What is required
Everything below from the line with "Remonte Sneakers Dames - Image 4" through the line with "Headlight switch MERCEDES-BENZ" must be retyped exactly, except the pictures.

-- Material for the task follows --

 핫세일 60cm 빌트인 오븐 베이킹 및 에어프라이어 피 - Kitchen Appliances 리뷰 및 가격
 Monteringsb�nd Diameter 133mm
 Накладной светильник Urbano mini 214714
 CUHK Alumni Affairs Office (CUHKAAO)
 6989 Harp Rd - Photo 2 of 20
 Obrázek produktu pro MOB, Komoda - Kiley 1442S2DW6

-- Material for the task concluded --
-- Material for the task follows --

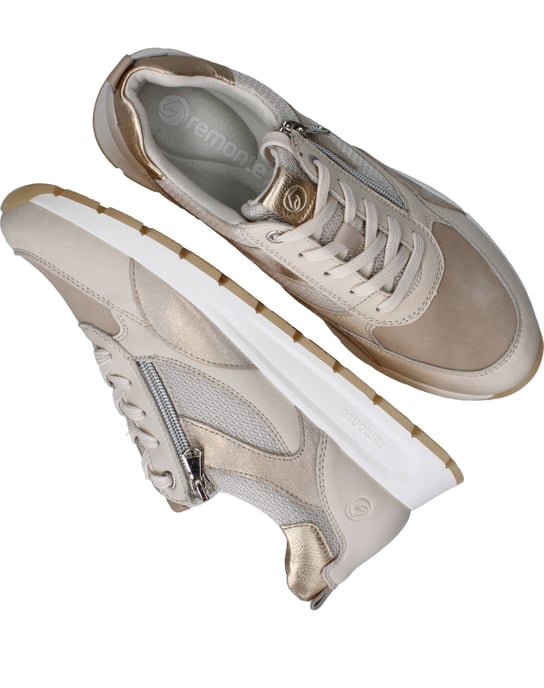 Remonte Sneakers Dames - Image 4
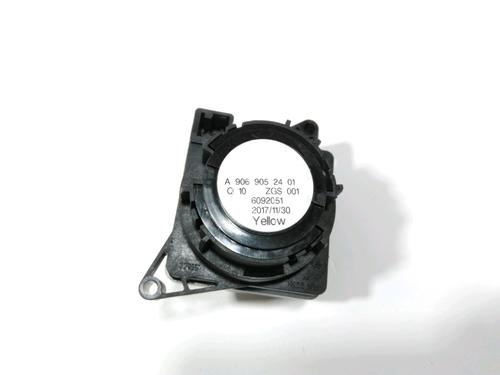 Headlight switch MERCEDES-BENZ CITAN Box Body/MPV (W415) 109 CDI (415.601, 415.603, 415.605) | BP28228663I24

-- Material for the task concluded --
-- Material for the task follows --

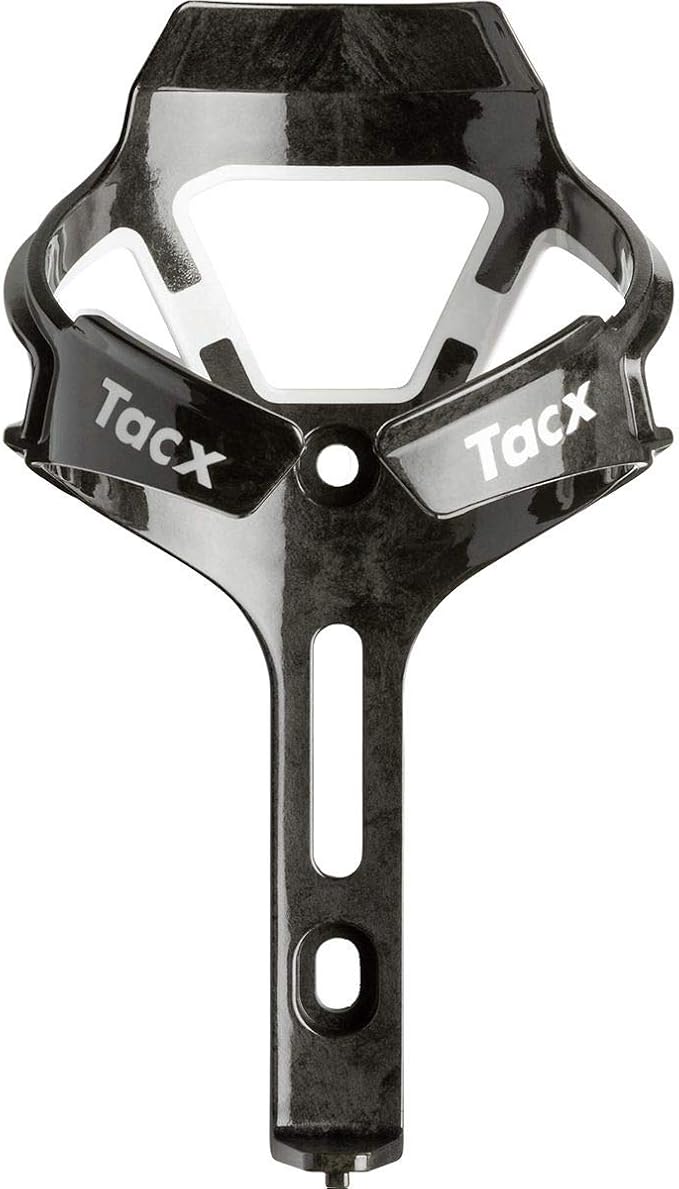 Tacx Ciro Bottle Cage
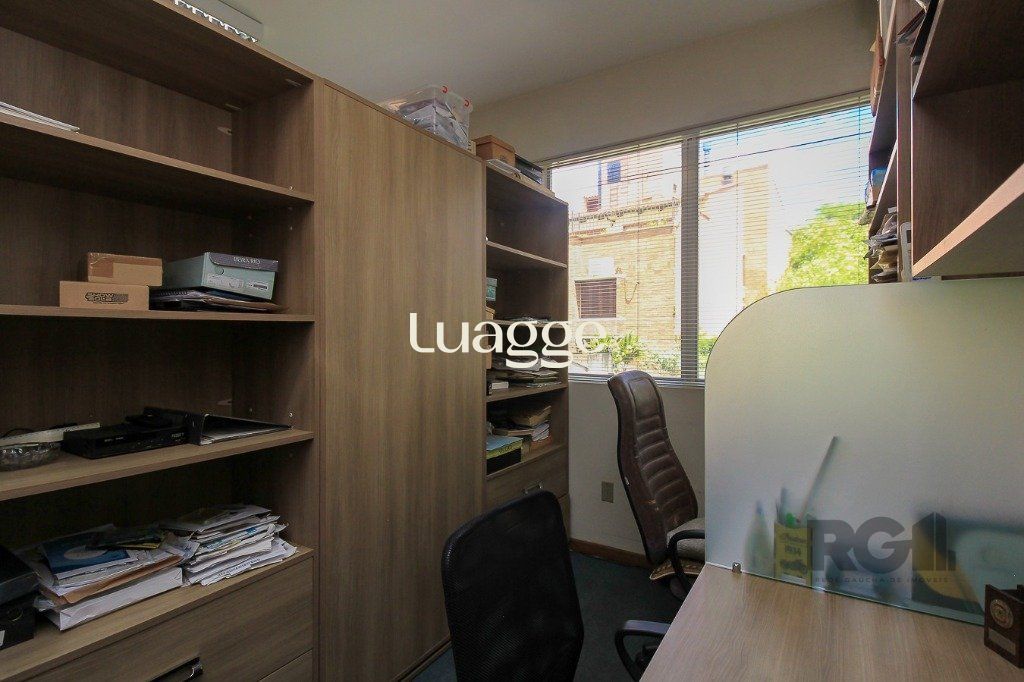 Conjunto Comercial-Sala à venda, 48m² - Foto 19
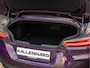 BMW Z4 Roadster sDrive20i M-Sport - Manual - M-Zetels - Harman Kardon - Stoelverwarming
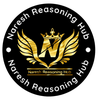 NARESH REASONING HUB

-- Material for the task concluded --

Answer space
 Remonte Sneakers Dames - Image 4
 Headlight switch MERCEDES-BENZ CITAN Box Body/MPV (W415) 109 CDI (415.601, 415.603, 415.605) | BP28228663I24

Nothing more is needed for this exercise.